• [WHAT IS BEING ASKED]: Within the entries below, find each line containing the word "Round" and copy it.

Top of SOURCE DATA

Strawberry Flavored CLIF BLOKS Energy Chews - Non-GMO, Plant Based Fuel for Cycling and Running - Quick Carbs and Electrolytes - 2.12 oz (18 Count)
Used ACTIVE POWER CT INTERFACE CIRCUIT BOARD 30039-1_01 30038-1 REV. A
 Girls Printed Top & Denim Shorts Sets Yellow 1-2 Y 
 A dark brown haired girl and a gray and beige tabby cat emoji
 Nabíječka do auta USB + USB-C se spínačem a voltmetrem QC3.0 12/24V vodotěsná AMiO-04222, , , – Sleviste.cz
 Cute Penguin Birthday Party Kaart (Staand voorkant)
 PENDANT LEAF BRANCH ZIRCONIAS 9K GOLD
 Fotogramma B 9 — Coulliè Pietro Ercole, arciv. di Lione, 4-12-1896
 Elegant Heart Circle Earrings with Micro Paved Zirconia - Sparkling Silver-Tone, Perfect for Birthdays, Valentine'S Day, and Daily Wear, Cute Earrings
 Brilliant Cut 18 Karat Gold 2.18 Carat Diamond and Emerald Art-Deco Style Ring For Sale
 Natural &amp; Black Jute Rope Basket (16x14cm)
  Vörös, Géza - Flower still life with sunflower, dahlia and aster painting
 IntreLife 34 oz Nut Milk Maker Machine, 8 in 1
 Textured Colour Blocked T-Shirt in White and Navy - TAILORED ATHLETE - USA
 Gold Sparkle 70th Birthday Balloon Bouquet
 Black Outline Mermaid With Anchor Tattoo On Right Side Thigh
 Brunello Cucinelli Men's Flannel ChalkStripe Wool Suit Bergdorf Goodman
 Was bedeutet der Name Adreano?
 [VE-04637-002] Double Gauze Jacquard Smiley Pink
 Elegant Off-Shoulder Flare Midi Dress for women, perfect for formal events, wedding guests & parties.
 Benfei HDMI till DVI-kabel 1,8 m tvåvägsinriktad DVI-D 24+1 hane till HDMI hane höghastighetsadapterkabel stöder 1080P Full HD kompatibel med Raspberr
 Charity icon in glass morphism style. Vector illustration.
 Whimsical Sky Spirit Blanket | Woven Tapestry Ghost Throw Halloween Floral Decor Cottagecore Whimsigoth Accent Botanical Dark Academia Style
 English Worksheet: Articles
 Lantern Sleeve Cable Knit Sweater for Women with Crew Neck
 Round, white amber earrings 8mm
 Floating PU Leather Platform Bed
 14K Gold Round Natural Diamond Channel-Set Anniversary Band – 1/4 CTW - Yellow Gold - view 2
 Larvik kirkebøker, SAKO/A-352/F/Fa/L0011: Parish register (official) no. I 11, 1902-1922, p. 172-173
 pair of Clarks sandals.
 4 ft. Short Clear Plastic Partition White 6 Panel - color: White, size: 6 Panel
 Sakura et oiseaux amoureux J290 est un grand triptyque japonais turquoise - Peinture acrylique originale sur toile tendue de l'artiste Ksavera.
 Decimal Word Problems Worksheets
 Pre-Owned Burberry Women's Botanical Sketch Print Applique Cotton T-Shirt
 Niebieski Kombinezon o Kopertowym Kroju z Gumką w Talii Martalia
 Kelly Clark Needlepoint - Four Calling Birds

Bottom of SOURCE DATA

• [TASK RESPONSE]:
 Round, white amber earrings 8mm
 14K Gold Round Natural Diamond Channel-Set Anniversary Band – 1/4 CTW - Yellow Gold - view 2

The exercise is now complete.